Qualche ora più tardi venne a trovarlo l’amico Mario. Bevvero insieme per festeggiare. Anche lui chiese del banano ed ebbe la stessa spiegazione. Ma capitò ancora di parlarne con l’impiegato del gas, con l’antennista per il wifi, con un’amica, un paio di colleghi, il mobiliere…

«Una ristrutturazione ben riuscita, complimenti…» se ne uscì la donna che si era presentata al cancello di ingresso dopo aver tirato la corda della campanella. Era Cleope, la vicina di casa di Ludovico e mostrava trionfante una torta di benvenuto.
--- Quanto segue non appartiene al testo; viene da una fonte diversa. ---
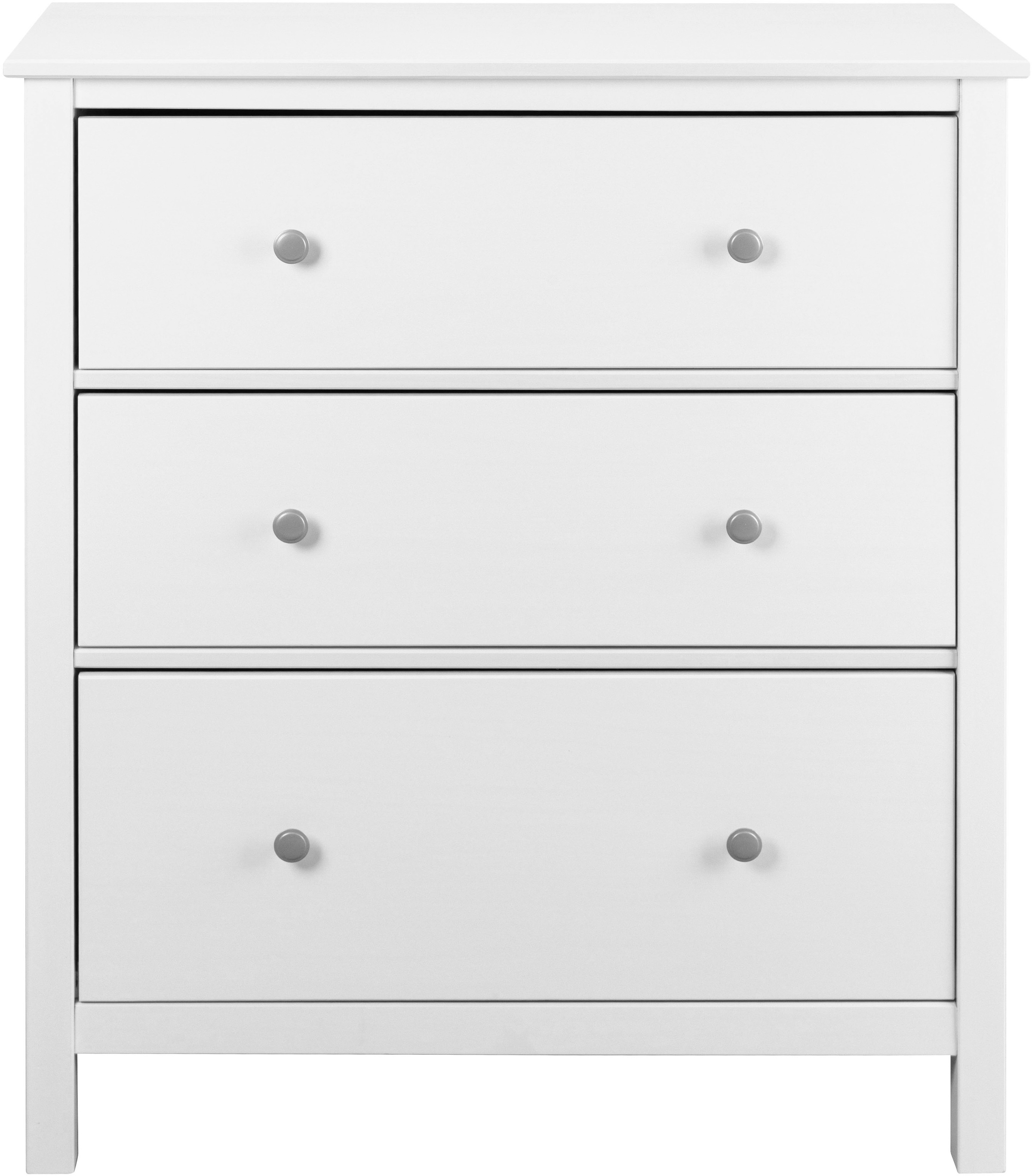 Inter Link Schubkastenkommode »Pinora, Kiefer Massivholz, Weiss, 3 Schubladen, 85 x 39,5 x 96 cm« 1 Stk. tlg. Kommode im modernem Skandi Look, viel Stauraum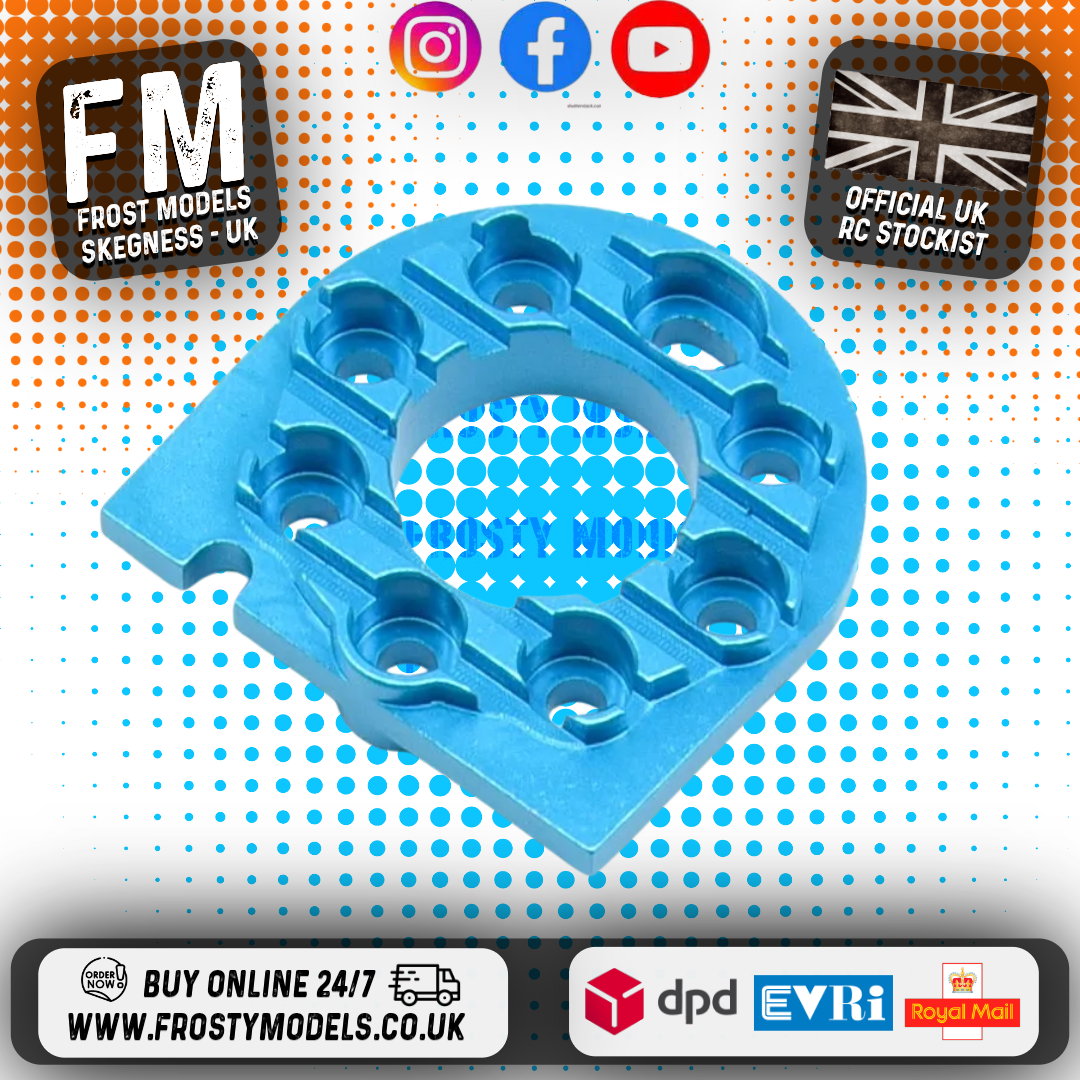 RC OVERHAUL - Fits TAMIYA TT01E ALLOY MOTOR MOUNT (BLUE) - G-RCO-TAM04BL (FITS EURO TRUCK)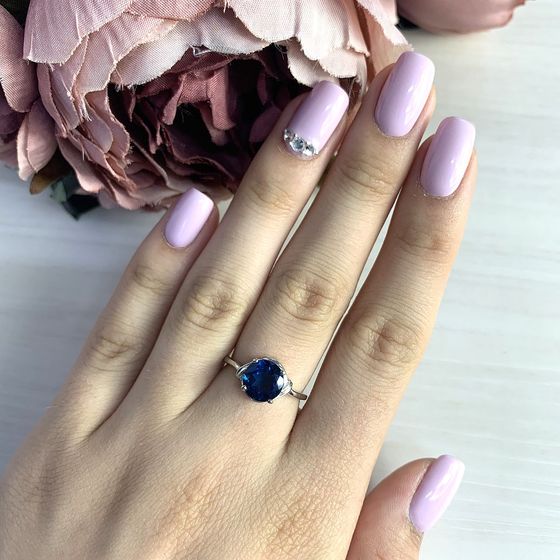 Серебряное кольцо с топазом Лондон Блю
«Non doveva…» disse Ludovico imbarazzato e facendola entrare.
«È al rabarbaro, spero che le piaccia. Ma non vorrei disturbare lei e sua moglie…» chiarì lei cercando di sbirciare all’interno della casa sopra le spalle dell’uomo.
«Non sono sposato…» fece Ludovico ricevendo dalle sue mani la torta.
«Non è sposato e come mai? Alla sua età…» chiese lei delusa e aguzzando gli occhi come per carpirne le oscure ragioni.
«La farei entrare volentieri ma sono nel bel mezzo di una riunione…» fece Ludovico alzando le spalle.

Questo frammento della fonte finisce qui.